(Beginning of Given information)

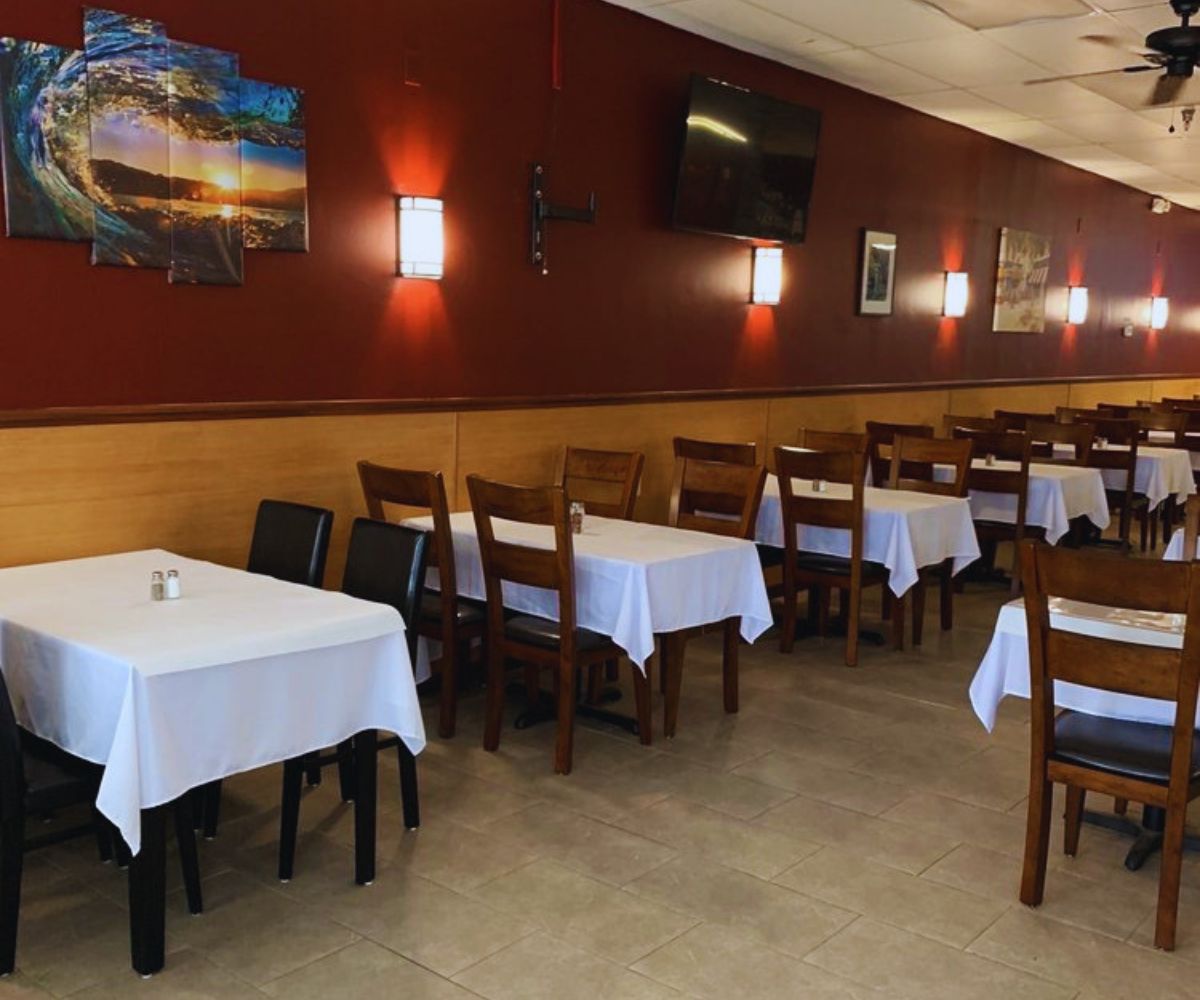 Bosna Restaurant - Indoor Dining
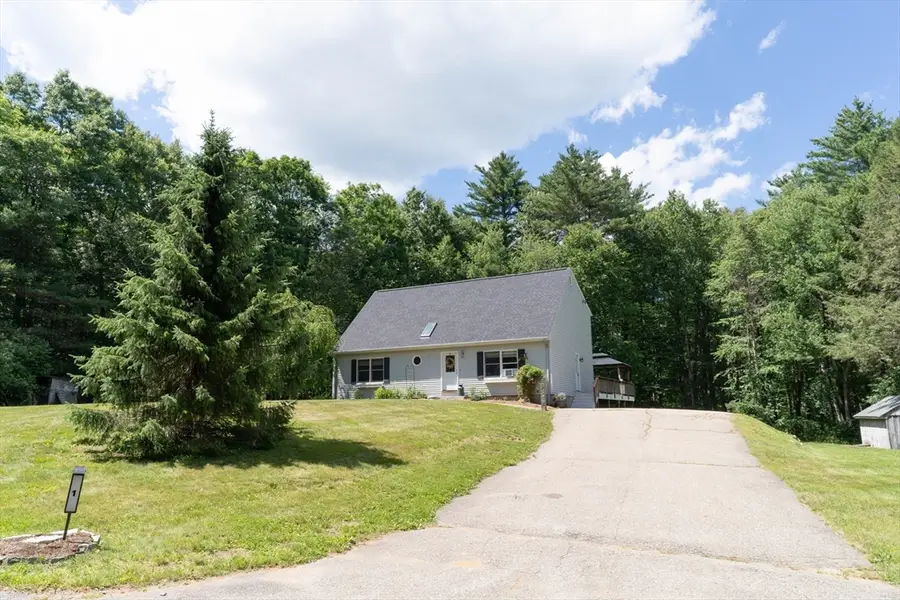 1 Barefoot Ln, Brookfield, MA 01506 - #3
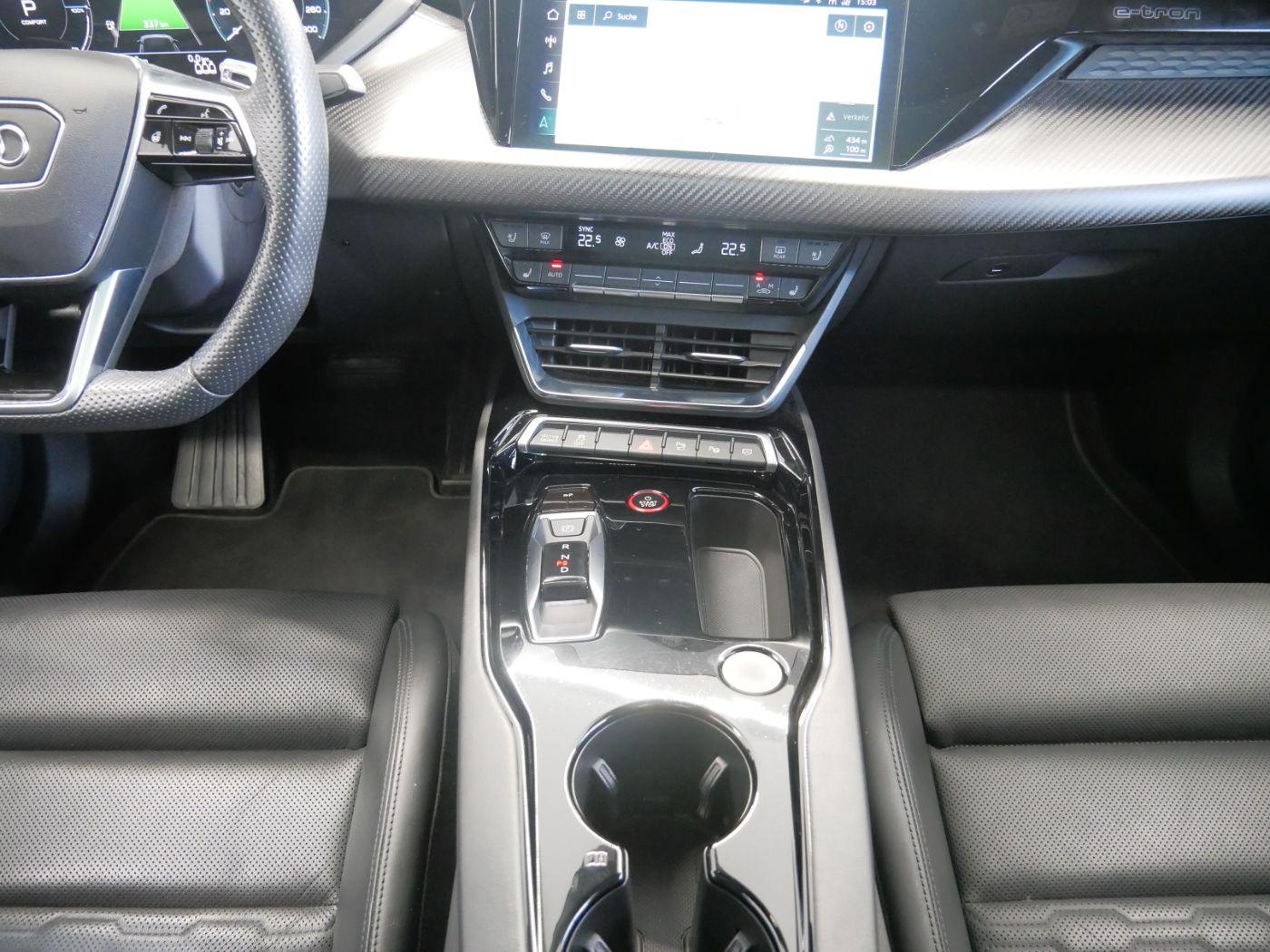 Audi e-tron GT quattro KERAMIK MATRIX HEAD-UP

(End of Given information)

> [About this exercise] Please reproduce the lines above from the one containing "1 Barefoot Ln, Brookfield, MA 01506 - #3" through the final line, exactly and inclusively, leaving out each picture.

> [Output of the exercise]
 1 Barefoot Ln, Brookfield, MA 01506 - #3
 Audi e-tron GT quattro KERAMIK MATRIX HEAD-UP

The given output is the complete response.